Due process was ignored. There was no trial, no arrest, no attempt at interdiction—just summary execution. And the strikes occurred in Venezuelan territorial waters, not in an international conflict zone. If another country did this, say Russia bombing a fishing boat in the Baltic, or China attacking smugglers near Taiwan, the Western media would have declared it a war crime the same day. Add this to the list of Western double standards in the international arena—we are seeing the destruction of the “liberal order” in real time.
These strikes are not a one-off. They fit into decades of US policy toward Venezuela, including economic sanctions, diplomatic isolation, and repeated regime change attempts. For 25 years, Washington has tried to topple the governments of Hugo Chávez and Nicolás Maduro through economic sabotage, coups, and support for far-right opposition. The humanitarian toll of those sanctions has been devastating. They have themselves emboldened the repression brought about by the Maduro government, which has used America as a scapegoat, with reason, for all its faults.
Now, with this attack, we see a dangerous escalation from economic to military means. If the precedent is set that the US can strike targets inside Venezuela (this was in Venezuela’s national waters) with impunity, it opens the door to a broader military campaign. That is exactly what think tanks like the Center for Strategic and International Studies have been preparing for. One CSIS report, now deleted, explicitly laid out “options for regime change” in Venezuela, against the “Maduro narco-terrorist regime.”

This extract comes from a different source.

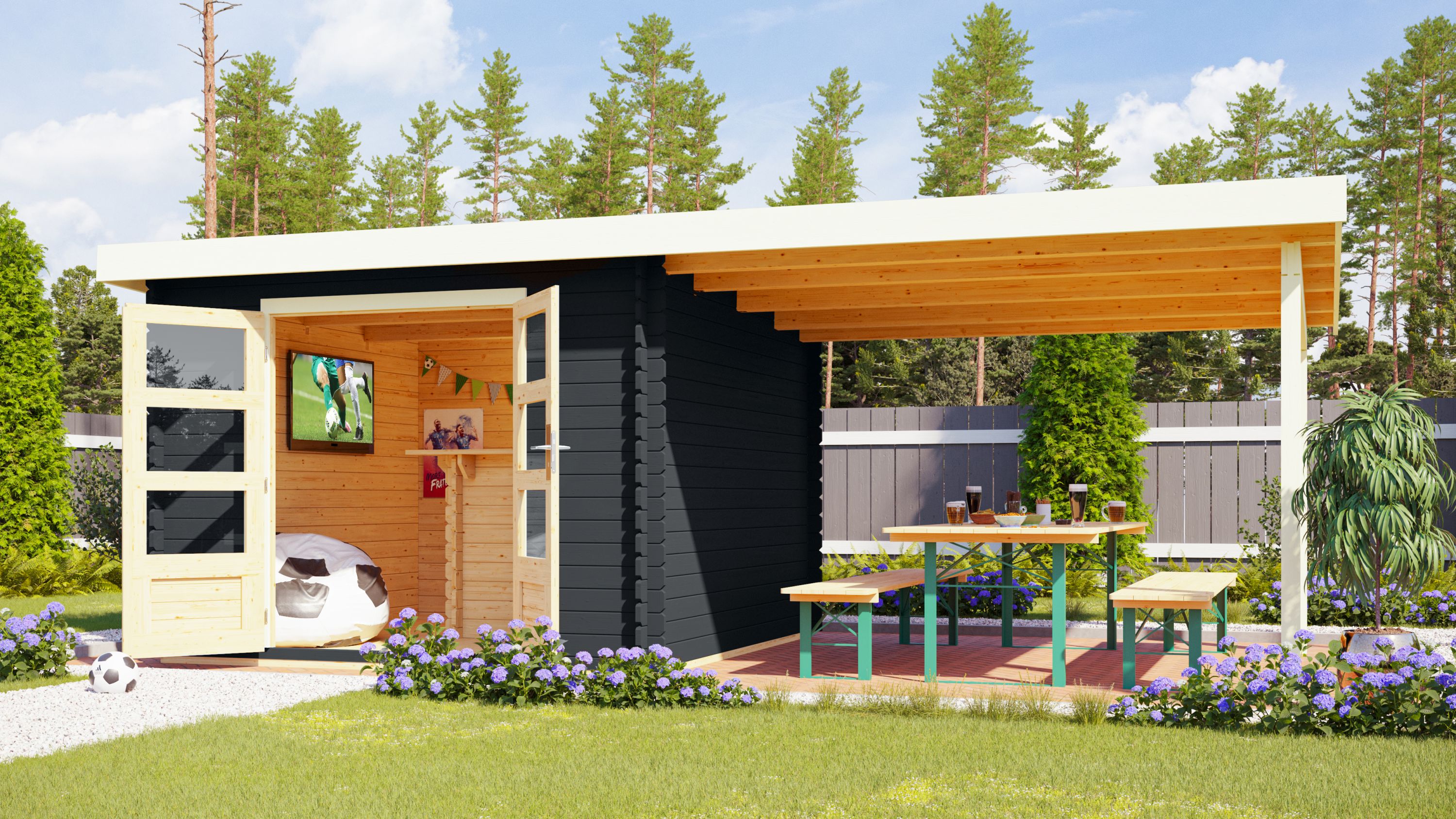 Karibu Gartenhaus San Antonio mit Anbaudach beidseitig anbringbar 3m und Fußboden im Set anthrazit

So why is the media so unwilling to call this what it is? Major outlets fear losing access to government sources if they challenge the official narrative. They also simply don’t want to admit that America is committing crimes, and may not be the moral actors in every major geopolitical event, as they were taught throughout their lives. Going back to Noam Chomsky’s Manufacturing Consent 101, corporate interests are also important, with companies like Exxon and Chevron having billions at stake in Venezuela’s oil fields (and a US-backed government running things in Caracas). US military action that destabilizes or topples Maduro could directly benefit those firms.

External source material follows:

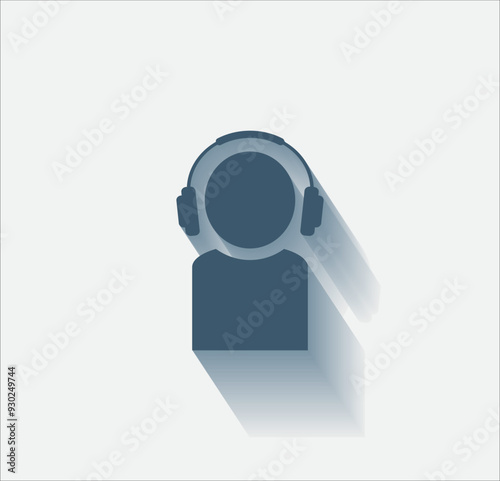Vector dark color icon with shadow on light backghround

Many of the analysts quoted in media coverage are from think tanks funded by the defense industry or oil companies. They have an interest in exaggerating Venezuela’s threat and downplaying US abuses, to make the US intervention seem justified and good. And reporters too often repackage leaks from US intelligence agencies as fact, without independently verifying. A lot of the “analysis” on the strikes in mainstream news has been from the intelligence agencies, who have a direct incentive to lie and manipulate information in favor of regime change.
Even respected outlets have contributed to this dynamic. The New York Times and Wall Street Journal have both amplified the claim that Venezuela is a “narco-terrorist state.” That claim has been debunked by organizations like InSight Crime and the International Crisis Group, which show that while drugs transit Venezuela, it is hardly unique; Colombia and Mexico play a much larger role in global cocaine markets, yet they remain US allies.

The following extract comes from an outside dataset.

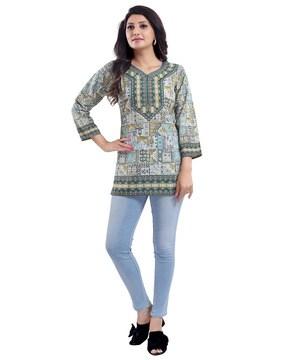 Abstract Print A-line Tunic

Meanwhile, outlets like the Christian Science Monitor are pushing a narrative that “more Latin Americans welcome US intervention,” based on flimsy and cherry-picked anecdotes that, once again, helps the Trump administration lay the groundwork for more meddling and war. Would the Marines be greeted as liberators in Caracas? The hope is to expand the “War on Drugs” into the “War on Terror,” giving the US military more tools to intervene in Latin America, and then bringing repression to the home front (also called the Imperial Boomerang theory). In reality, the region is increasingly turning away from Washington’s militaristic and blusterous approach, seeking alternative frameworks to the failed War on Drugs.